Zum ersten Mal richten das Museum für Konkrete Kunst und das Deutsche Medizinhistorische Museum in Ingolstadt eine gemeinsame Ausstellung aus. Sie widmet sich Adolf Fleischmann (1892-1968), einer faszinierenden Künstlerpersönlichkeit des 20. Jahrhunderts. Die Ausstellung zeichnet Fleischmanns Lebensweg nach und führt dabei erstmals beide Seiten seines Schaffens zusammen: seine „Berufung“ als Künstler und seinen „Beruf“ als medizinischer Zeichner und Moulagenbildner.
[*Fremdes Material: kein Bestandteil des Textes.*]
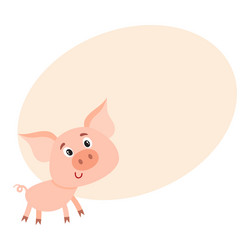 Funny little smiling pig with swirling tail vector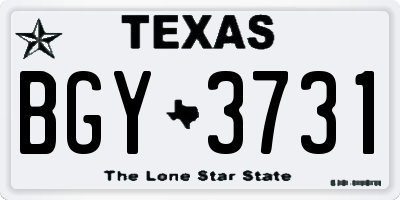 TX license plate BGY3731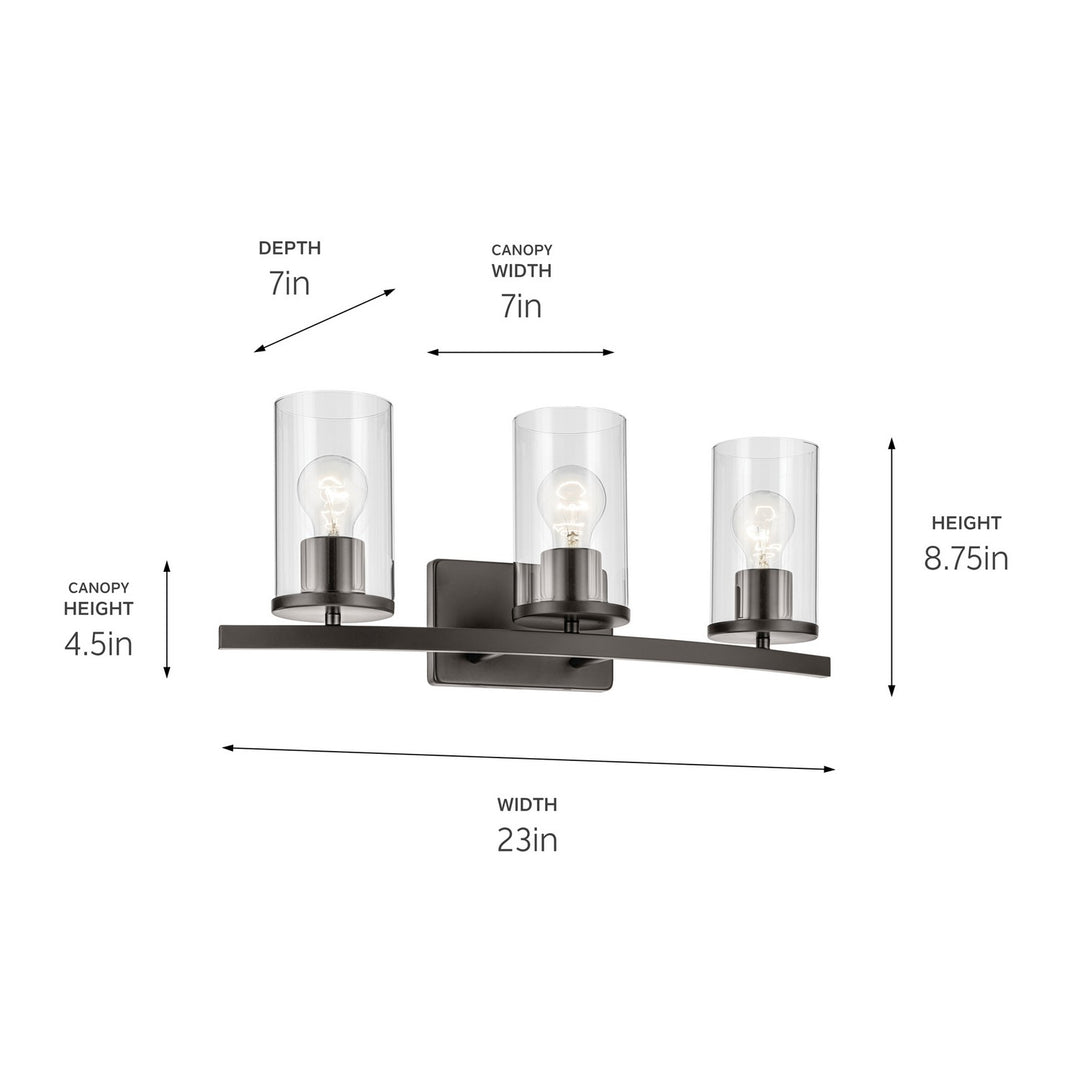 Kichler Canada - 45497OZCLR - Three Light Bath - Crosby - Olde Bronze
Adolf Fleischmann machte sich sowohl in der Kunst als auch in der Medizin einen Namen: In der Kunstgeschichte gilt er mit seiner flirrenden, heiteren Malerei als ein wesentlicher Vermittler von europäischer Konkreter Kunst in den USA. Als Sechzigjähriger fand er im New York der 1950er Jahre zu seinem unverwechselbaren Malstil. In der Medizingeschichte ist Fleischmann vor allem durch die Arbeiten bekannt, die er in den 1920er Jahren für die Chirurgische Klinik in Zürich anfertigte: naturgetreue Abformungen kranker Körperteile in Wachs (sogenannte Moulagen) und detailgenaue Zeichnungen mikroskopischer Gewebsbilder. In seiner New Yorker Zeit war er zudem als medizinischer Zeichner für die Columbia University tätig.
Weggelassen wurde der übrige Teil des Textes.